ASSIGNMENT: For each record, copy the text exactly and omit any picture it holds.
-- MATERIAL TO PROCESS follows --
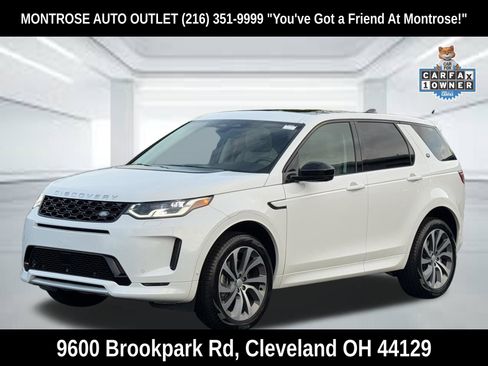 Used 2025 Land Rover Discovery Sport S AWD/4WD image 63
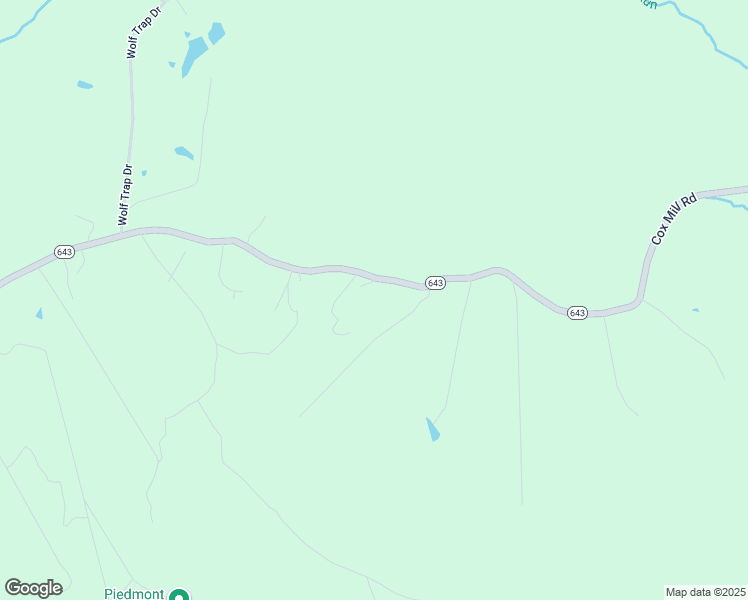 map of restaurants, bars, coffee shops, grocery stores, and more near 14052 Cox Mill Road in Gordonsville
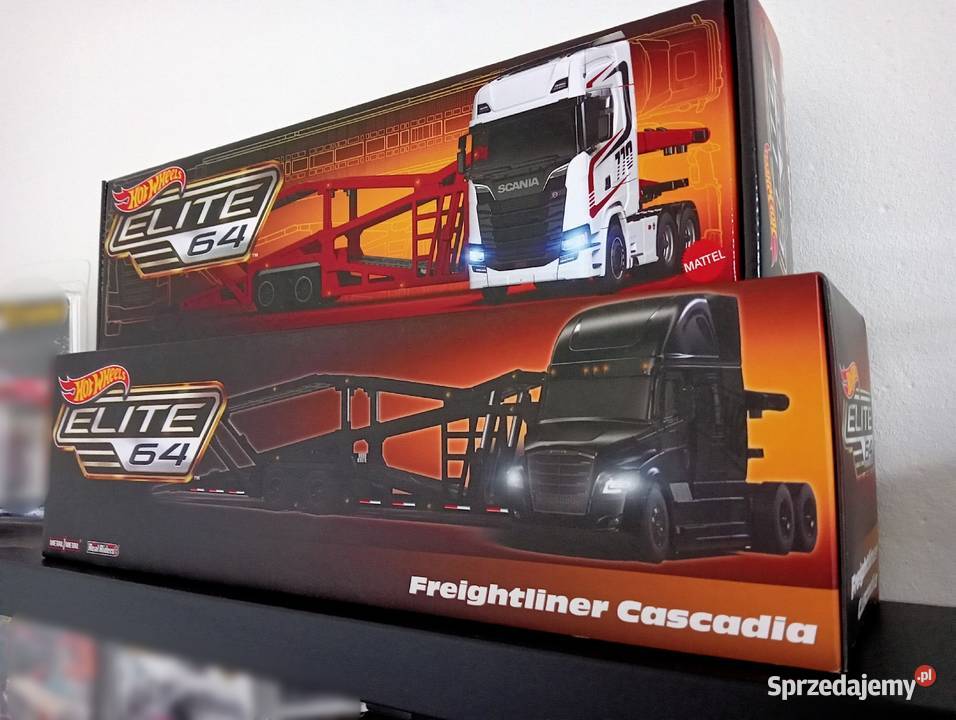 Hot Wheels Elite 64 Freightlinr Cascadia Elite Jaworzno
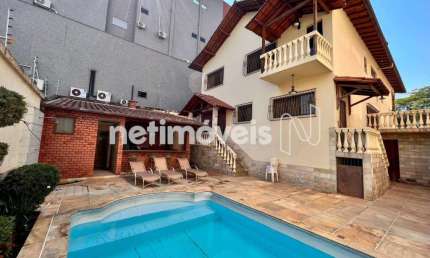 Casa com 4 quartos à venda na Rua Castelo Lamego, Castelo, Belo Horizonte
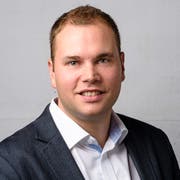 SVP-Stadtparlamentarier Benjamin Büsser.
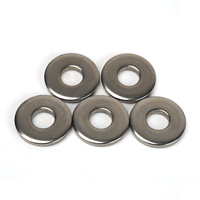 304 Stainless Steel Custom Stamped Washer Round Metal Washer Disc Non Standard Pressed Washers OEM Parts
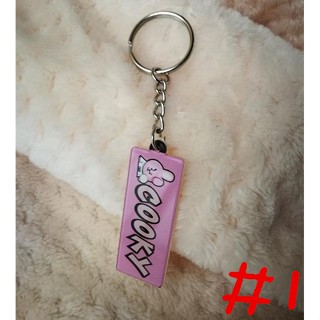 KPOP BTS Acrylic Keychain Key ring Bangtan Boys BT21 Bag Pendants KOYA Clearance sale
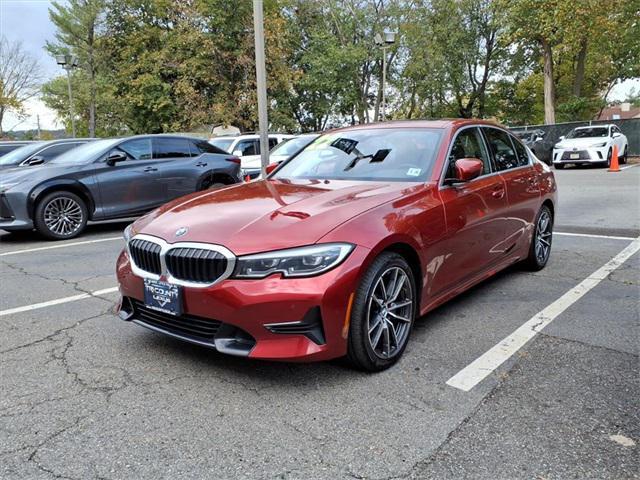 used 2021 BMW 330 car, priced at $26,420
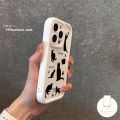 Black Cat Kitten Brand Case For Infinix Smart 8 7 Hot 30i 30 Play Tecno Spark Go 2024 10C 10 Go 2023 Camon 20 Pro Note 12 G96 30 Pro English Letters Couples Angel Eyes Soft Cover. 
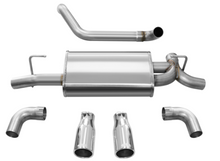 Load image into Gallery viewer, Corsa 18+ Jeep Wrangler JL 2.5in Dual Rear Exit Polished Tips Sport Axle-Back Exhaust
-- MATERIAL TO PROCESS concluded --
REPLY TO THE EXERCISE:
 Used 2025 Land Rover Discovery Sport S AWD/4WD image 63
 map of restaurants, bars, coffee shops, grocery stores, and more near 14052 Cox Mill Road in Gordonsville
 Hot Wheels Elite 64 Freightlinr Cascadia Elite Jaworzno
 Casa com 4 quartos à venda na Rua Castelo Lamego, Castelo, Belo Horizonte
 SVP-Stadtparlamentarier Benjamin Büsser.
 304 Stainless Steel Custom Stamped Washer Round Metal Washer Disc Non Standard Pressed Washers OEM Parts
 KPOP BTS Acrylic Keychain Key ring Bangtan Boys BT21 Bag Pendants KOYA Clearance sale
 used 2021 BMW 330 car, priced at $26,420
 Black Cat Kitten Brand Case For Infinix Smart 8 7 Hot 30i 30 Play Tecno Spark Go 2024 10C 10 Go 2023 Camon 20 Pro Note 12 G96 30 Pro English Letters Couples Angel Eyes Soft Cover. 
 Load image into Gallery viewer, Corsa 18+ Jeep Wrangler JL 2.5in Dual Rear Exit Polished Tips Sport Axle-Back Exhaust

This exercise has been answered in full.